See? It wasn’t Greenspan’s fault, after all. It was “the savings glut” or the “undercapitalised banks” or some other such nonsense. The bottom line is that everyone else was to blame for everything that went wrong. Everyone except the Teflon Fed chief, that is.

Does Maestro really think he can salvage his battered reputation with this phony charm offensive or is he just trying to stay one step ahead of the hangman?

Greenspan tries to acquit himself on the main charges; that he kept interest rates “too low, too long”, and that his support for deregulation expanded the use of risky financial instruments (derivatives)  These are the two main factors which triggered the meltdown.  Greenspan defends himself on both counts, although not convincingly.
 
He rejects the idea that low interest rates created the housing bubble because mortgage rates are linked to long-term rates which the Fed doesn’t control.
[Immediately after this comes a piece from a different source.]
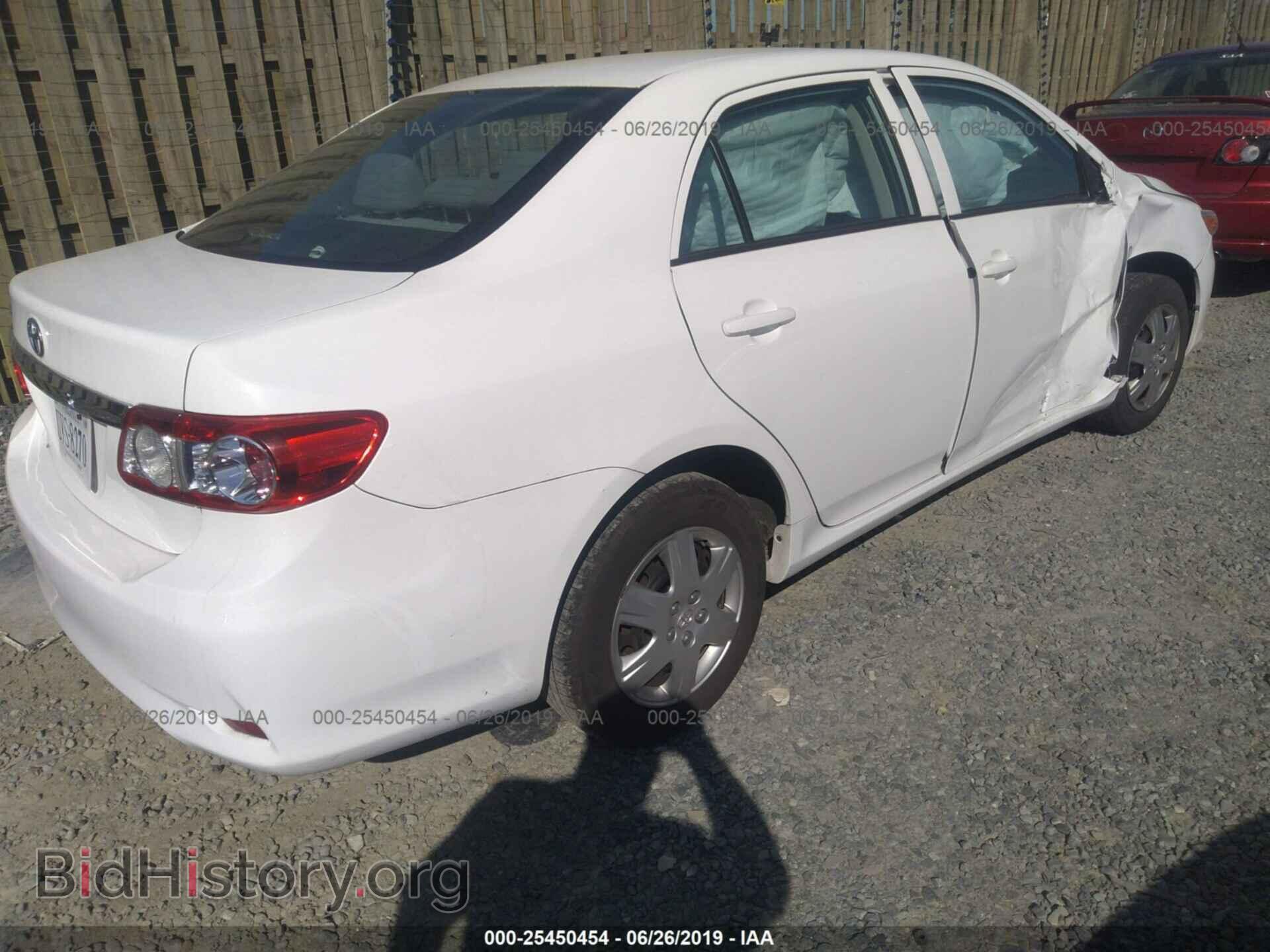 2013 TOYOTA COROLLA - VIN: 2T1BU4EEXDC986755 - Photo 4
That’s true, but it’s also a poor defense. Everyone knows that tighter monetary policy cools off speculation, forces financial institutions to reduce leverage, and slows credit growth.  If the Fed didn’t believe that low rates increase spending, than why would they lower rates every time the economy begins to slow down? Interest rates matter! End of story. Greenspan’s argument isn’t even worthy of a response. It’s ridiculous.   
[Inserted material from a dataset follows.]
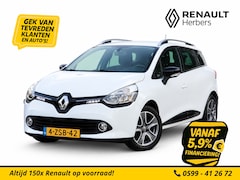Renault Clio Estate - 0.9 TCe Night&Day NAVI / TREKHAAK / PDC / CRUISE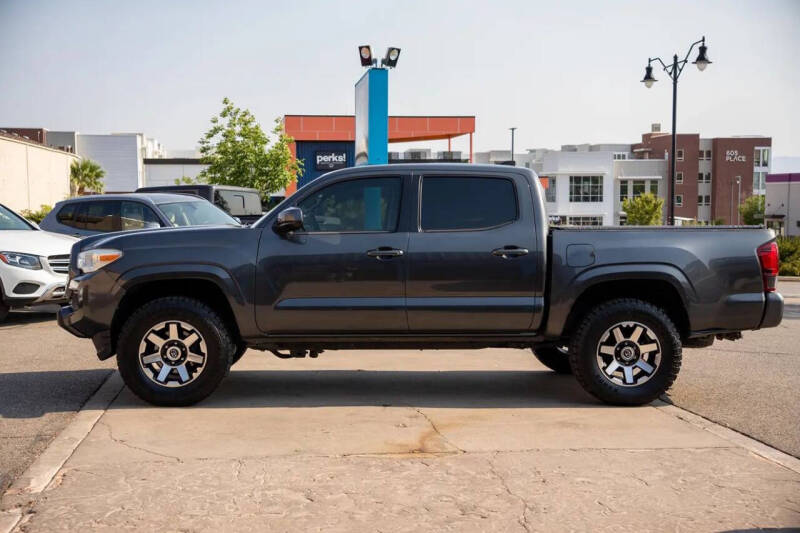 2018 Toyota Tacoma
Greenspan also invokes the “global savings glut” meme which he reiterates at every opportunity. But that’s feeble defense, too.
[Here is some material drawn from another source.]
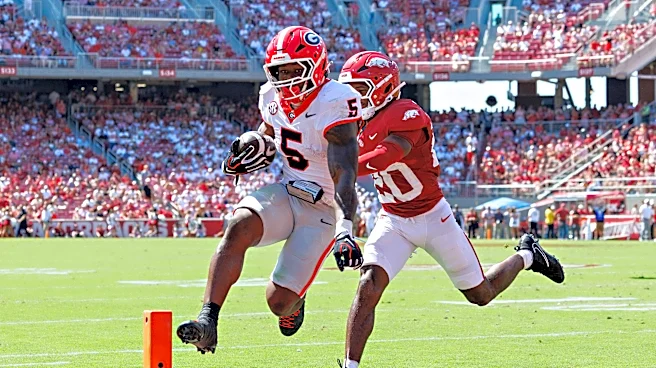 2026 College Football Polls: Week 4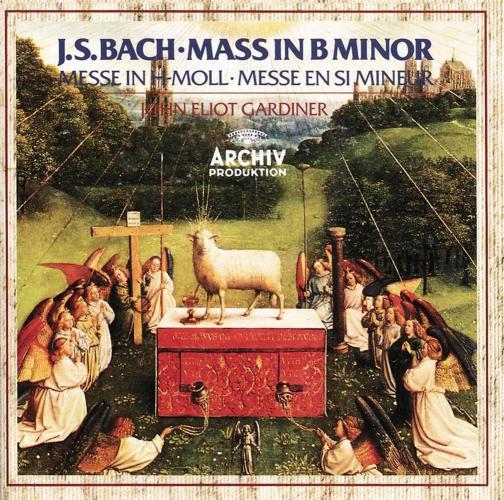 Mass In B Minor Bwv 232 (2 Cd)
Yes, the massive current account deficit is destabilizing and, yes, China and Japan do save “too much” while Americans consume too much, but so what? That’s why we appoint policymakers to intervene when necessary to avoid a global crisis. But, of course, Greenspan doesn’t believe in regulation, because he thinks the market is the manifestation of God’s immortal plan and mere humans shouldn’t interfere in its divine workings.

Greenspan: “There is nothing involved in federal regulation per se which makes it superior to market regulation.”  That sums it up nicely, doesn’t it?

Greenspan refused to perform his task as regulator because he was morally opposed to regulation. He’s been quite consistent on that point. So, naturally, the imbalances and fraud grew until the entire mechanism broke down. It all could have been avoided if Greenspan had done his job.
 
Peter S. Goodman of the New York Times wrote the best indictment of Greenspan in an article titled  “Taking Hard New Look at a Greenspan Legacy” (2008) If you haven’t read it yet; get a copy. It will convince you that one man–more than any other–was responsible for the current economic catastrophe. Here is an extended excerpt which covers the main points:   

“For more than a decade, the former Federal Reserve Chairman Alan Greenspan has fiercely objected whenever derivatives have come under scrutiny in Congress or on Wall Street. “What we have found over the years in the marketplace is that derivatives have been an extraordinarily useful vehicle to transfer risk from those who shouldn’t be taking it to those who are willing to and are capable of doing so,” Mr. Greenspan told the Senate Banking Committee in 2003. “We think it would be a mistake” to more deeply regulate the contracts, he added….

“THE CURRENT CRISIS MIGHT HAVE BEEN AVERTED”…

“Clearly, derivatives are a centerpiece of the crisis, and he (Greenspan) was the leading proponent of the deregulation of derivatives,” said Frank Partnoy, a law professor at the University of San Diego and an expert on financial regulation…..If Mr. Greenspan had acted differently during his tenure as Federal Reserve chairman from 1987 to 2006, many economists say, the current crisis might have been averted or muted.”

GREENSPAN THE FREE MARKET SAGE: “Risk is part of life.”

“As the long-serving chairman of the Fed, the nation’s most powerful economic policy maker, Mr. Greenspan preached the transcendent, wealth-creating powers of the market…..A professed libertarian, he counted among his formative influences the novelist Ayn Rand, who portrayed collective power as an evil force set against the enlightened self-interest of individuals. In turn, he showed a resolute faith that those participating in financial markets would act responsibly.”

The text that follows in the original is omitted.